*** Opening of Data ***

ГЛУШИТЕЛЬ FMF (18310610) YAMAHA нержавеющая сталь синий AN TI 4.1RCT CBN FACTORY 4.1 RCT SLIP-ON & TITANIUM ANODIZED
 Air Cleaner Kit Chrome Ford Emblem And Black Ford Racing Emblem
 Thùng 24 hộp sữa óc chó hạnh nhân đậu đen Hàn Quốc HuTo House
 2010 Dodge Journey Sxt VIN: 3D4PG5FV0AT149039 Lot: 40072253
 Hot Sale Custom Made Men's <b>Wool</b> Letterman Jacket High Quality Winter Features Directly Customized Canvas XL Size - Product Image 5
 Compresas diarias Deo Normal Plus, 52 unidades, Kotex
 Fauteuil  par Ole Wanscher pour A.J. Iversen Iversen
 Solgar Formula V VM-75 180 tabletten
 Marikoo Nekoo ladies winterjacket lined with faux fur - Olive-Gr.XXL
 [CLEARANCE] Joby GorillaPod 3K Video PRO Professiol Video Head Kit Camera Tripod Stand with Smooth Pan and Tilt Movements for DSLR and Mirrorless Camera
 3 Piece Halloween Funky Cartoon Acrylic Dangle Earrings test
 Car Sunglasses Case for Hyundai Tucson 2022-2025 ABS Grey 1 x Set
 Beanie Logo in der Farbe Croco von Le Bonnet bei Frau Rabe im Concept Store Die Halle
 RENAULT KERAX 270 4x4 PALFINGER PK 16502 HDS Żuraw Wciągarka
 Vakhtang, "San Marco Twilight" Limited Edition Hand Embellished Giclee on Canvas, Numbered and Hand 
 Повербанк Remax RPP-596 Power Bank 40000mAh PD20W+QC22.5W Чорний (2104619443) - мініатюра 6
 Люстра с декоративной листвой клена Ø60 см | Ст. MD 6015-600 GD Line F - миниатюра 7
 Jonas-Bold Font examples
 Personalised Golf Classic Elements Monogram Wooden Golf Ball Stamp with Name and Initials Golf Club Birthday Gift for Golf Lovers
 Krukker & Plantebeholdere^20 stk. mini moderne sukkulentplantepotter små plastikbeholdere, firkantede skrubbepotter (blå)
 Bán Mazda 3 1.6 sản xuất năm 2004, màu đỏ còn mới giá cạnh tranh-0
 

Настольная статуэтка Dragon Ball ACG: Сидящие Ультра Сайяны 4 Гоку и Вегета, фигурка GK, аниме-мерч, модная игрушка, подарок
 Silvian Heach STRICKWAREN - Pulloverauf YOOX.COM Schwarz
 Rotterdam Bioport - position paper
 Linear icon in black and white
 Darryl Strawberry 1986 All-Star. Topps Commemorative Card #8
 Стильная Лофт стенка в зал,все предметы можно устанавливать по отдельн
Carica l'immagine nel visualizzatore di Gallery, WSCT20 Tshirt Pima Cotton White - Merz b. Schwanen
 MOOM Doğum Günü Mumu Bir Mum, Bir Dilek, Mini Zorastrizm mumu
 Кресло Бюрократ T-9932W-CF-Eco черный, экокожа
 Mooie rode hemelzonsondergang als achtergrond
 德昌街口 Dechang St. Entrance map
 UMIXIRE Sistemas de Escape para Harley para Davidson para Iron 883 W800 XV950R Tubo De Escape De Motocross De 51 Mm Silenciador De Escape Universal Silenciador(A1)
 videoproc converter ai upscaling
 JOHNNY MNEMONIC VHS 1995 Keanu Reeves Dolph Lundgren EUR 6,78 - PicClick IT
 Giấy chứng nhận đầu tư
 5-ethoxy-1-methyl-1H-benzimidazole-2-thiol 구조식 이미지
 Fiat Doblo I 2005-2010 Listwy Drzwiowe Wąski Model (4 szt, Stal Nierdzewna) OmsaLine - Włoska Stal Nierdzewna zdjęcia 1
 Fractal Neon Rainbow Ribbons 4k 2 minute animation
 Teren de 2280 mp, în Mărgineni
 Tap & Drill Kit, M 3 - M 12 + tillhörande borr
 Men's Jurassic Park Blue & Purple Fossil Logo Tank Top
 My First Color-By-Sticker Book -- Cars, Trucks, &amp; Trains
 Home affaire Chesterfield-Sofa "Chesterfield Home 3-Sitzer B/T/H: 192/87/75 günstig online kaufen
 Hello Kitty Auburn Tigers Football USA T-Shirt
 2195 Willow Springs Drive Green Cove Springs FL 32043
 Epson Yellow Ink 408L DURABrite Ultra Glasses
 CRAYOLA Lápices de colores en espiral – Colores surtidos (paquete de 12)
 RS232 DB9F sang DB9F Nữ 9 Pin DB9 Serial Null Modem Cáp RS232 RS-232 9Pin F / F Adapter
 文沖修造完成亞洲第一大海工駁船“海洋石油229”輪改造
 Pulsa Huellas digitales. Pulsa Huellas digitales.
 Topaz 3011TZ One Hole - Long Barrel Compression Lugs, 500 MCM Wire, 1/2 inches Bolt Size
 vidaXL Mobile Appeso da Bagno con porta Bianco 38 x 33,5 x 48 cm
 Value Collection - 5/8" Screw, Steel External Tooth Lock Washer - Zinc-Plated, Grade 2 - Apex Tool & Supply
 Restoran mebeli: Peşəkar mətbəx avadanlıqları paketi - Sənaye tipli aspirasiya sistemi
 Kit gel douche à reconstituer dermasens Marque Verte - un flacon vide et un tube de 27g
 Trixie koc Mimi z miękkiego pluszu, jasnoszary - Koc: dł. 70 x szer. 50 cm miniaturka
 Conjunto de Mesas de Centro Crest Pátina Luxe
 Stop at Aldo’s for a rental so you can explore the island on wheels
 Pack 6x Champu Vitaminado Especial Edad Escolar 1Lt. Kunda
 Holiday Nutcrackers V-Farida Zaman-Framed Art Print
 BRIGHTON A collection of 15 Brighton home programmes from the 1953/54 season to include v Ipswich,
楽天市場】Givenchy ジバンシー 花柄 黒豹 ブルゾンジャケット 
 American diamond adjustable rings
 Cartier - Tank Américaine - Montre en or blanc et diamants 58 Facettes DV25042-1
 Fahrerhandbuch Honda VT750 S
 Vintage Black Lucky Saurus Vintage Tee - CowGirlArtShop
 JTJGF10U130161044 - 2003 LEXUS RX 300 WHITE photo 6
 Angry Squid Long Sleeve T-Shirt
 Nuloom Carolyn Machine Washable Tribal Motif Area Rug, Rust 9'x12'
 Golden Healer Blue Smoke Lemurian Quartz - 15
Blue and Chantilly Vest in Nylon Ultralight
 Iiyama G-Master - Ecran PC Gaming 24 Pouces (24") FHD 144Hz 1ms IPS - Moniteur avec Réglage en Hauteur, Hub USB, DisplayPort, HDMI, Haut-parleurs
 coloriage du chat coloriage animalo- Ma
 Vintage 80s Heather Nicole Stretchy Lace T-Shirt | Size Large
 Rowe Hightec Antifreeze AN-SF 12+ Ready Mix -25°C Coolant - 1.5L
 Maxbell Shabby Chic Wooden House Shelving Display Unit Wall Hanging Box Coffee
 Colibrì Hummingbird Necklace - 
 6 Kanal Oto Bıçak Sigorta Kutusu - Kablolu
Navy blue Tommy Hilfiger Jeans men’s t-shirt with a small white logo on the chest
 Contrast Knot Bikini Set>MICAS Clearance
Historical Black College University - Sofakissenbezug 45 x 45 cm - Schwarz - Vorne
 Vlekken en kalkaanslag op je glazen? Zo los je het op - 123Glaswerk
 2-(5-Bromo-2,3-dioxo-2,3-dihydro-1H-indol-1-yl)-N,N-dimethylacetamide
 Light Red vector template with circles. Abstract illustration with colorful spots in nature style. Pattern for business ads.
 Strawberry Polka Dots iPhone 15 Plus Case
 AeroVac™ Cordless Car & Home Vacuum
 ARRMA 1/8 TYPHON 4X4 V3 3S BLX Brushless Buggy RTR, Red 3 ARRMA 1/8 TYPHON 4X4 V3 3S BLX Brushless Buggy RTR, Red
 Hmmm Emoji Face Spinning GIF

*** Close of Data ***

* _What needs to be done_: Scan the entries above for the word "Size" and collect each line holding it.

* _Task solution_:
 Hot Sale Custom Made Men's <b>Wool</b> Letterman Jacket High Quality Winter Features Directly Customized Canvas XL Size - Product Image 5
 Topaz 3011TZ One Hole - Long Barrel Compression Lugs, 500 MCM Wire, 1/2 inches Bolt Size
 Vintage 80s Heather Nicole Stretchy Lace T-Shirt | Size Large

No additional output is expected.